Re: Building an assembler from scratch
- From: BGB <cr88192@xxxxxxxxxxx>
- Date: Fri, 01 Apr 2011 12:13:20 -0700
On 4/1/2011 2:18 AM, Rod Pemberton wrote:
"Rick C. Hodgin"<foxmuldrster@xxxxxxxxxxxxxxxxxxxxx> wrote in message
news:c62708cc-b307-4bcb-8101-5becc4a605db@xxxxxxxxxxxxxxxxxxxxxxxxxxxxxxxxxxxxx
No problem. I'm amazed at some of the thinking in the responses.
It's like there are two completely separate trains of thought on the
matter. And I don't even understand WHY the disparity exists,
because there can be no question about it: FOSS helps everybody
all the time.
That needs clarification as to what "helps" means exactly.
"helps" reduce software development times - it depends
"helps" pay a programmer's living expenses - no.
"helps" eliminate closed source software - yes.
"helps" promote a certain political belief system - yes.
etc.
Proprietary software harms everybody most all the time,
How so?
That needs clarification as to what "harm" means exactly. I.e., just like
"help", "harm" will affect different people to different degrees.
Proprietary software benefits most people in a capitalist society.
Programmers get paid. The company pays dividends. The stock of
the company increases in value. Users get the best product, because
the company can afford to employ the best people. Those not suited
to developing the best product don't get to "destroy" it. Etc.
yep.
and since most of the world is capitalist, it is the most net benefit to follow a capitalistic model WRT software.

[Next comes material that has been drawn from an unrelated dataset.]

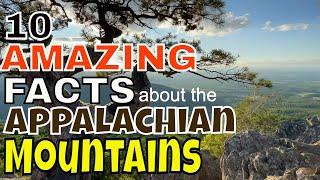 Ten Amazing Facts about The Appalachian Mountains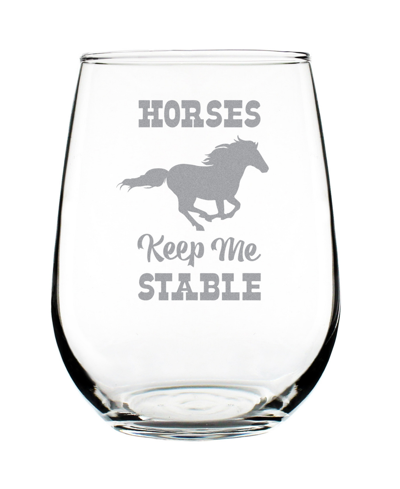 Bevvee Horses Keep Me Stable Horse Gifts Stem Less Wine Glass, 17 oz In Clear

the prospect of being able to live off software, and thus not need to hold multiple jobs, is a possible merit of commercial development.
would most users really be benefited if their favored programs don't get updated hardly ever because all of the lead programmers are off having to work their day jobs?... does a project benefit from over-worked admins who admit crap-patches that manage to break piles of stuff, leaving someone else to try to figure out later why the newest build has suddenly got so much more buggy?...
money gives, if anything, a lot more time for developers to focus on their projects, without having to worry about all this "real life" stuff.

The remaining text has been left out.